### EXERCISE GOAL:
Using the entries that follow, transcribe only the lines from the line with "This is a TWebBrowser" to the line with "You can give", both included, exactly as they stand and without pictures.

### DATASET RECORDS:
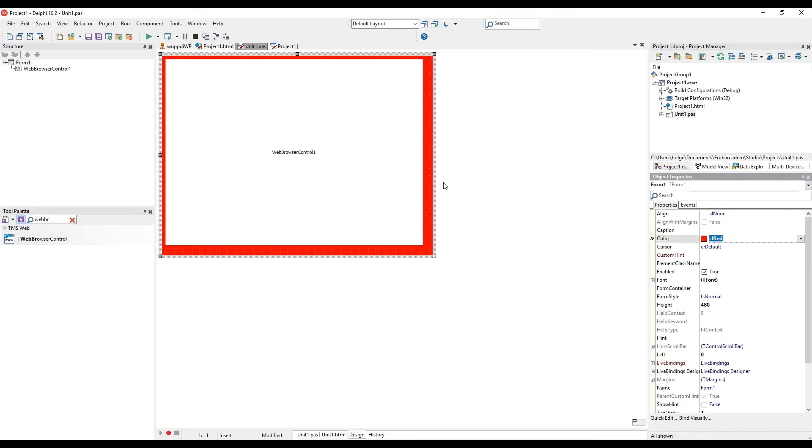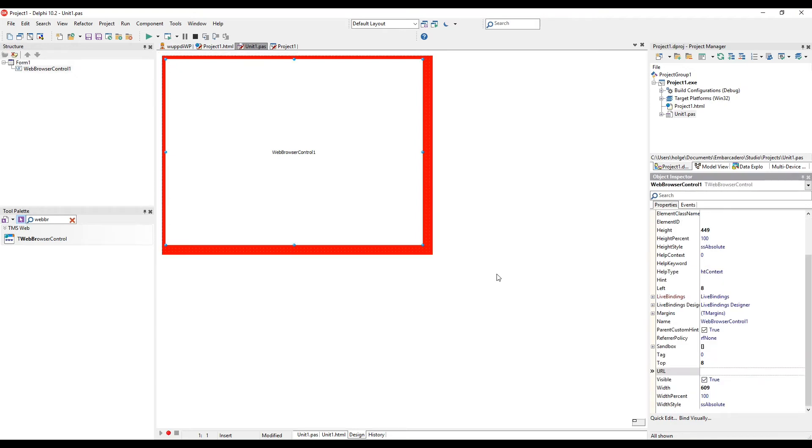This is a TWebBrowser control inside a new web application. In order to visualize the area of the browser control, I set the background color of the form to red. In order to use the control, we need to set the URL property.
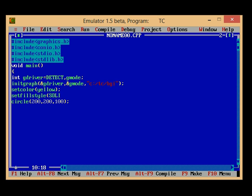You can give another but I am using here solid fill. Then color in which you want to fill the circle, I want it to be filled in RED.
---
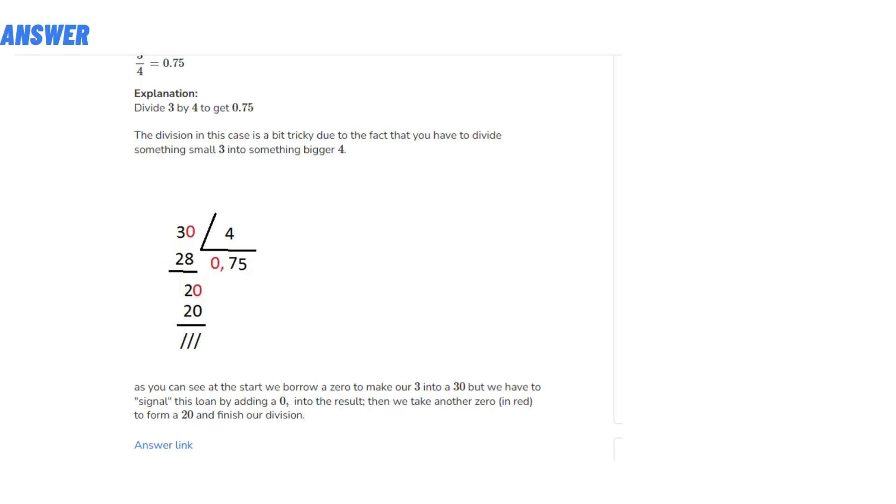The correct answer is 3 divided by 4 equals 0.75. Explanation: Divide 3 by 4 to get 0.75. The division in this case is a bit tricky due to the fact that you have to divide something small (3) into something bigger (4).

### RESPONSE FOR THIS EXERCISE:
This is a TWebBrowser control inside a new web application. In order to visualize the area of the browser control, I set the background color of the form to red. In order to use the control, we need to set the URL property.
You can give another but I am using here solid fill. Then color in which you want to fill the circle, I want it to be filled in RED.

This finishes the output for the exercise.